> **ASSIGNMENT**
Your answer should consist solely of the lines from the one holding "this 600×408 image." through the final line of the entries, reproduced exactly and without pictures.

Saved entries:

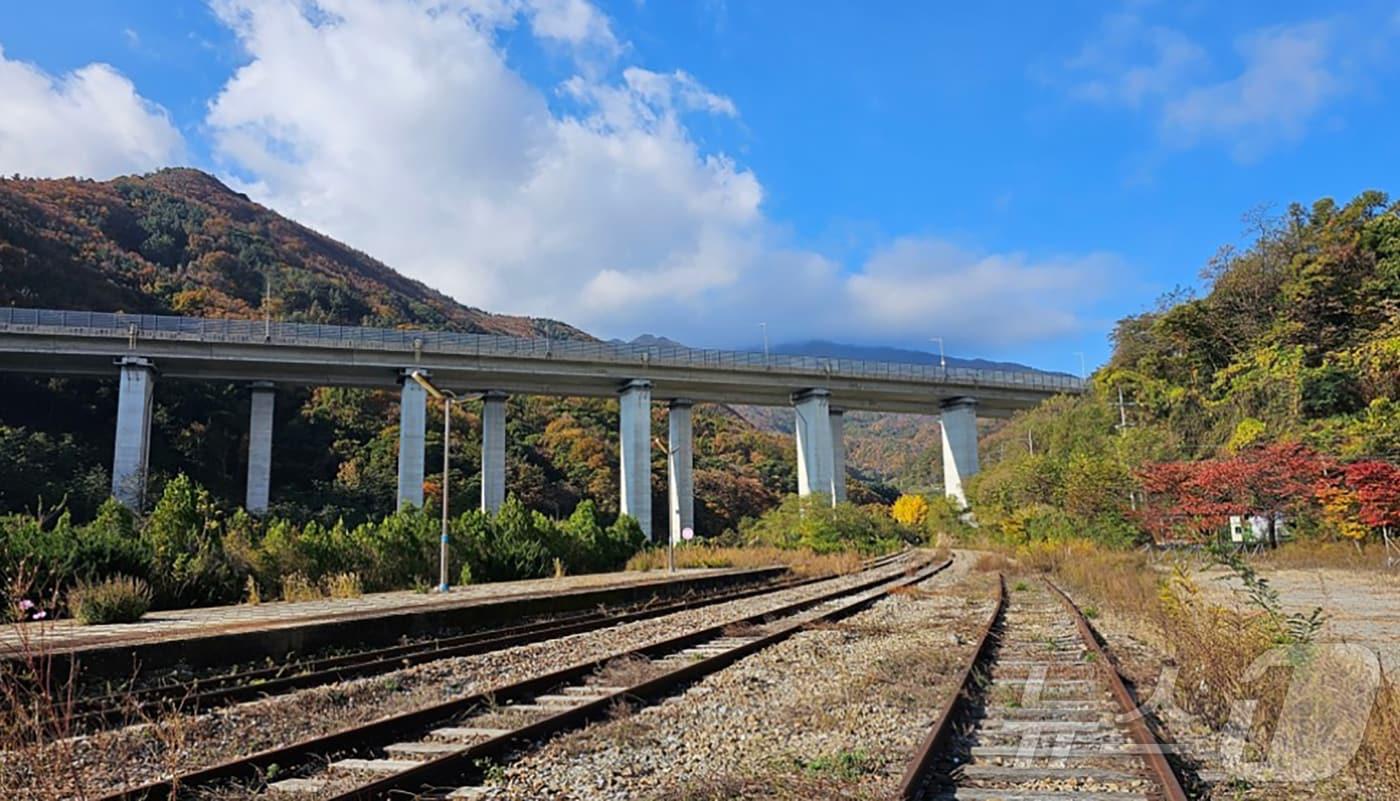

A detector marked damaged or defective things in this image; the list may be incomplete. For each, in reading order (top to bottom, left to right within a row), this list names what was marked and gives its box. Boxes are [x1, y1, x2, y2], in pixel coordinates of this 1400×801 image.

rusty railroad track [896, 572, 1192, 800]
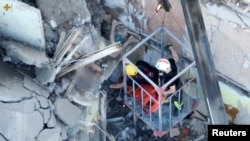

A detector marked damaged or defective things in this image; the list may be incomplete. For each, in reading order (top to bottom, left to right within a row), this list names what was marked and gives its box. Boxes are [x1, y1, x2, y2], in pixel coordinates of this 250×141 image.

broken concrete slab [0, 0, 44, 49]
broken concrete slab [36, 0, 91, 27]
broken concrete slab [0, 40, 49, 67]
broken plank [56, 42, 121, 78]
broken concrete slab [0, 61, 32, 102]
broken concrete slab [23, 76, 50, 97]
broken concrete slab [0, 97, 39, 114]
broken concrete slab [0, 108, 43, 140]
broken concrete slab [54, 98, 82, 126]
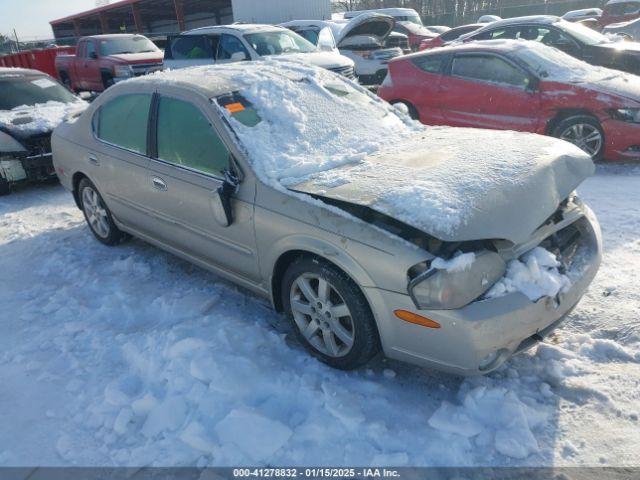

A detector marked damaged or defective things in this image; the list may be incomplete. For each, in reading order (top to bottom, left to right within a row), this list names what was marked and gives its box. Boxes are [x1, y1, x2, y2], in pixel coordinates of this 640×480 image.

damaged nissan maxima [51, 61, 600, 376]
broken headlight [408, 249, 508, 310]
crumpled bumper [362, 203, 604, 376]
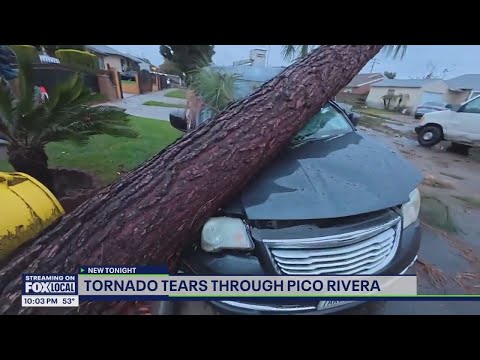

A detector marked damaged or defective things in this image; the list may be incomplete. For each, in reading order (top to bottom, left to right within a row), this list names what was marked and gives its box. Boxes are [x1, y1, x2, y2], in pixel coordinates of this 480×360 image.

damaged car hood [227, 131, 422, 221]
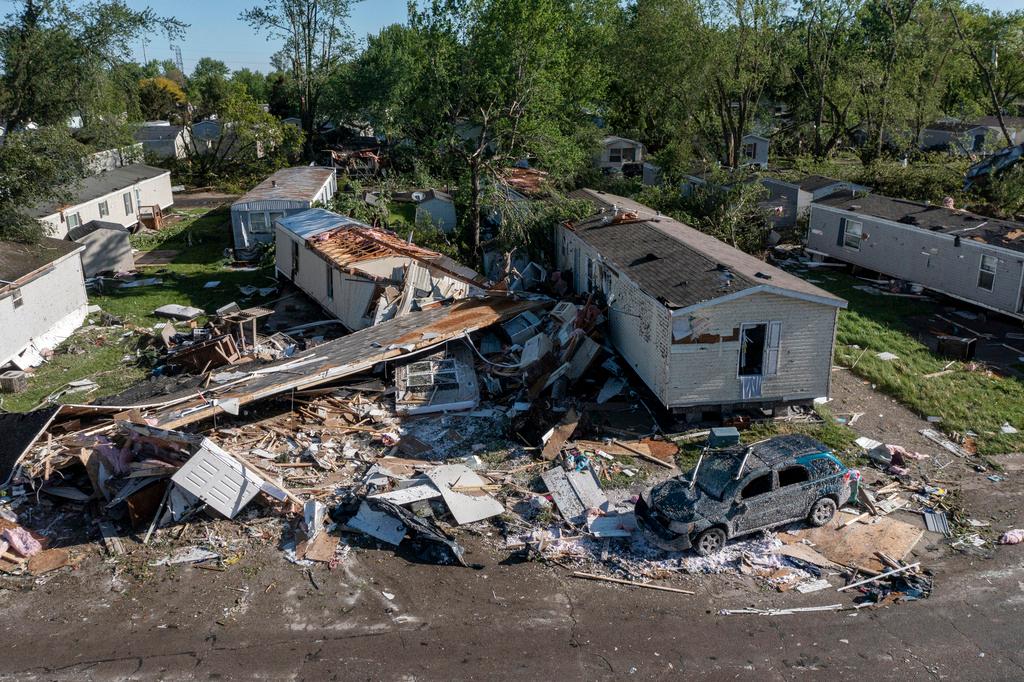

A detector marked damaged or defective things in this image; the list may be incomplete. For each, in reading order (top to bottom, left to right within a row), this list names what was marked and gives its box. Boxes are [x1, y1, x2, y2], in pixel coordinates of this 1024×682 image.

broken window [839, 218, 864, 249]
damaged mobile home [274, 206, 485, 329]
broken window [978, 251, 995, 288]
damaged mobile home [565, 188, 843, 417]
splintered lumber [149, 301, 544, 428]
shattered car window [692, 454, 741, 497]
broken window [741, 471, 770, 497]
broken window [778, 464, 811, 485]
cracked asphalt [2, 368, 1024, 675]
splintered lumber [569, 569, 696, 593]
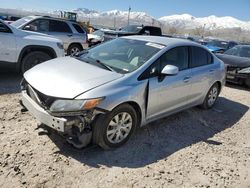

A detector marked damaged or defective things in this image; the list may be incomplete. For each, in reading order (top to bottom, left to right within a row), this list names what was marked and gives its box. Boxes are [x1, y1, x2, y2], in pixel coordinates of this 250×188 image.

dented hood [23, 56, 123, 98]
detached bumper piece [21, 90, 93, 148]
damaged front bumper [21, 89, 100, 148]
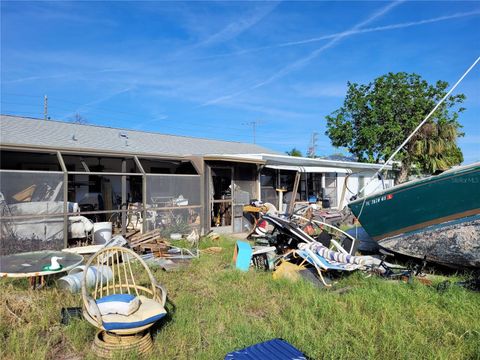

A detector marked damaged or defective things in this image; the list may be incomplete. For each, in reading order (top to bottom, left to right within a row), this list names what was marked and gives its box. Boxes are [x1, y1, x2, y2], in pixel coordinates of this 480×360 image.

damaged screened porch [0, 149, 202, 256]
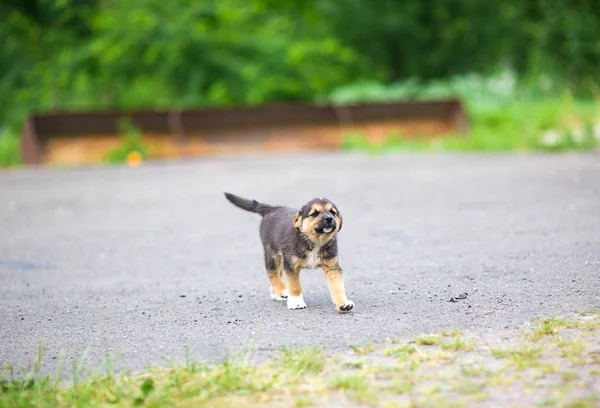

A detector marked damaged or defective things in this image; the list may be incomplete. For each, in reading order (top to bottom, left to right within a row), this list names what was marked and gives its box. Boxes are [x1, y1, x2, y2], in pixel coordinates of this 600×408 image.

rusty metal barrier [19, 99, 468, 166]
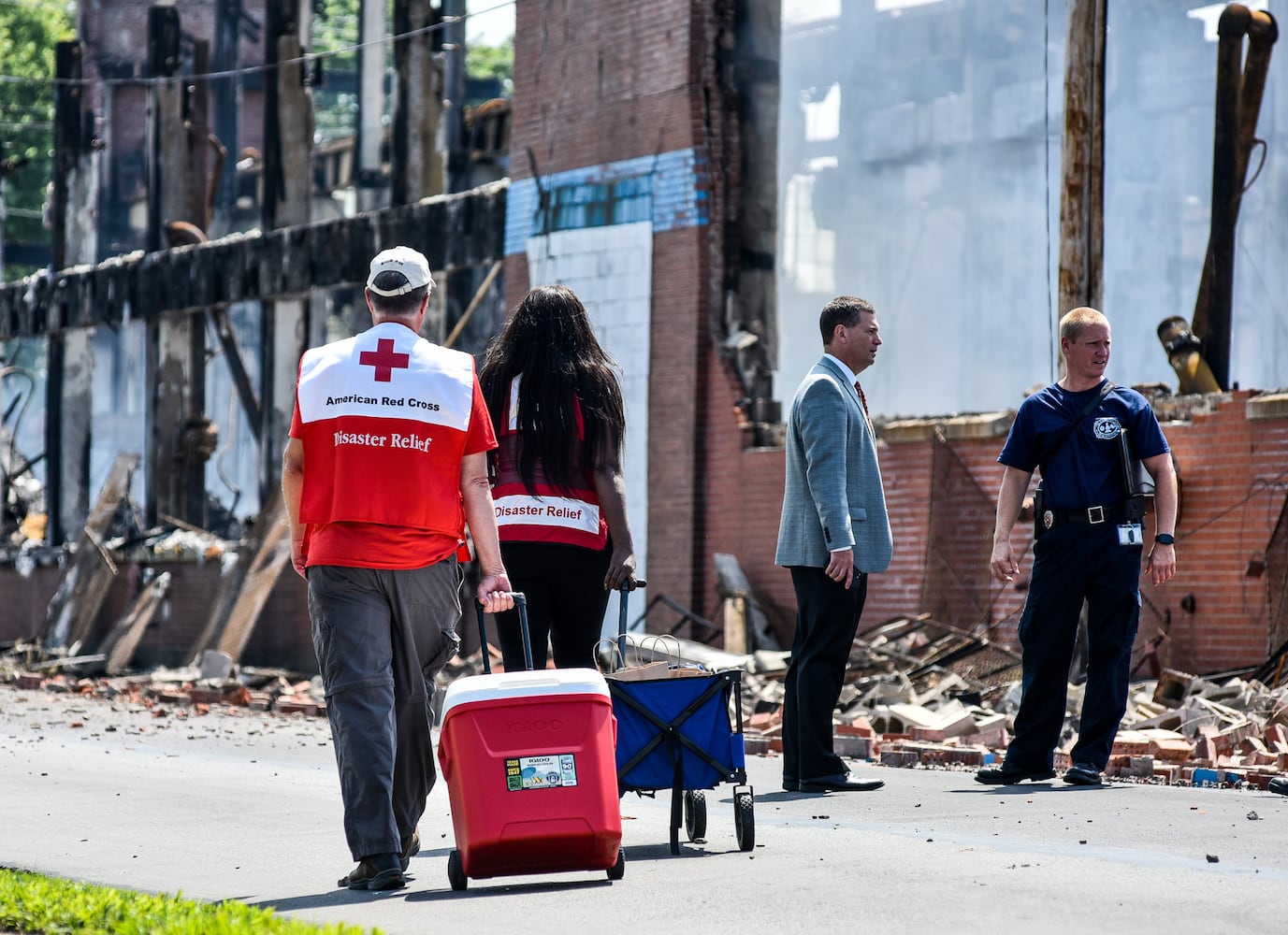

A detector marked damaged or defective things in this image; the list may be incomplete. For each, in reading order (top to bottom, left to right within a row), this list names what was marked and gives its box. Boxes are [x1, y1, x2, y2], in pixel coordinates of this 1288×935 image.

> **RESPONSE TO THE EXERCISE**
A detector marked damaged or defective things in this image; the list may be incomplete. For each, in reading order (top to bottom, left to right within a row), this list names what was marked and gives its box. Boxes are [x1, y1, x2, y2], in pixel coordinates of this 600×408 image.

rusty metal barrier [19, 99, 468, 166]

A detector marked damaged or defective things in this image; the list may be incomplete. For each, in reading order (top to bottom, left to right within a row), this list names what was marked and gives its box. Boxes are [x1, y1, x2, y2], in pixel coordinates of this 1288×935 image.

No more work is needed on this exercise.